Minta Maaf, Wamenaker Immanuel Ebenezer Harap Dapat Amnesti dari Presiden Prabowo
KPK Resmi Tetapkan Wakil Menteri Tenaga Kerja Immanuel Ebenezer Alias Noel Tersangka
MerahPutih.com - Wakil Menteri Ketenagakerjaan (Wamenaker) Immanuel Ebenezer alias Noel menjadi tersangka kasus dugaan pemerasan penerbitan sertifikasi Keselamatan dan Kesehatan Kerja (K3) di Kementerian Ketenagakerjaan (Kemenaker).
Setelah ditahan, Noel berharap bisa mendapatkan amnesti atau pengampunan dari Presiden Prabowo Subianto seperti yang diberikan kepada Sekjen PDI Perjuangan (PDIP), Hasto Kristiyanto.
"Semoga saya mendapatkan amnesti dari Presiden Prabowo," kata Noel sebelum memasuki mobil tahanan di Gedung KPK, Jakarta, Jumat (22/8).
Selain itu, Ketua Relawan Joko Mania ini meminta maaf kepada Presiden Prabowo Subianto setelah terjerat kasus pemerasan.
“Saya meminta maaf kepada Presiden Pak Prabowo,” ujarnya.
Dia juga meminta maaf kepada istri dan anaknya serta seluruh masyarakat Indonesia.
“Kedua, saya minta maaf kepada anak dan istri saya.
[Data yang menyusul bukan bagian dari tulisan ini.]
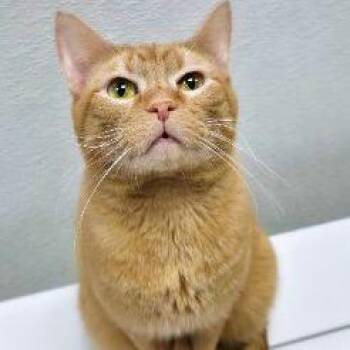 Marengo -  Domestic Short Hair Cat for Adoption in Galveston, Texas - Marengo | PetCurious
Ketiga, saya minta maaf terhadap rakyat Indonesia,” tuturnya.
Baca juga:
KPK Ungkap Peran Wamenaker Immanuel Ebenezer dalam Kasus Pemerasan Pengurusan Sertifikat K3
Dalam kesempatan itu, Noel membantah dirinya terjaring operasi tangkap tangan (OTT) KPK. Dia juga membantah telah melakukan pemerasan.
“Saya juga ingin mengklarifikasi bahwa saya tidak di-OTT. Kedua, kasus saya bukan kasus pemerasan, agar narasi di luar tidak menjadi narasi yang kotor memberatkan saya,” ungkapnya.
Dalam kasus ini, Noel diduga menerima uang sebesar Rp 3 miliar dan satu unit motor Ducati.
Selain Noel, KPK juga menetapkan 10 orang lainnya sebagai tersangka. Mereka yakni, Dirjen Pembinaan Pengawasan Ketenagakerjaan dan K3 Kemenaker Fahrurozi; lalu Direktur Bina Kelembagaan tahun 2021 sampai Februari 2025 Hery Sutanto.
Kemudian Gerry Aditya Herwanto Putra selaku Koordinator Bidang Pengujian dan Evaluasi Kompetensi Keselamatan Kerja; Irvian Bobby Mahendro selaku Koordinator Bidang Kelembagaan dan Personil K3 tahun 2022- 2025.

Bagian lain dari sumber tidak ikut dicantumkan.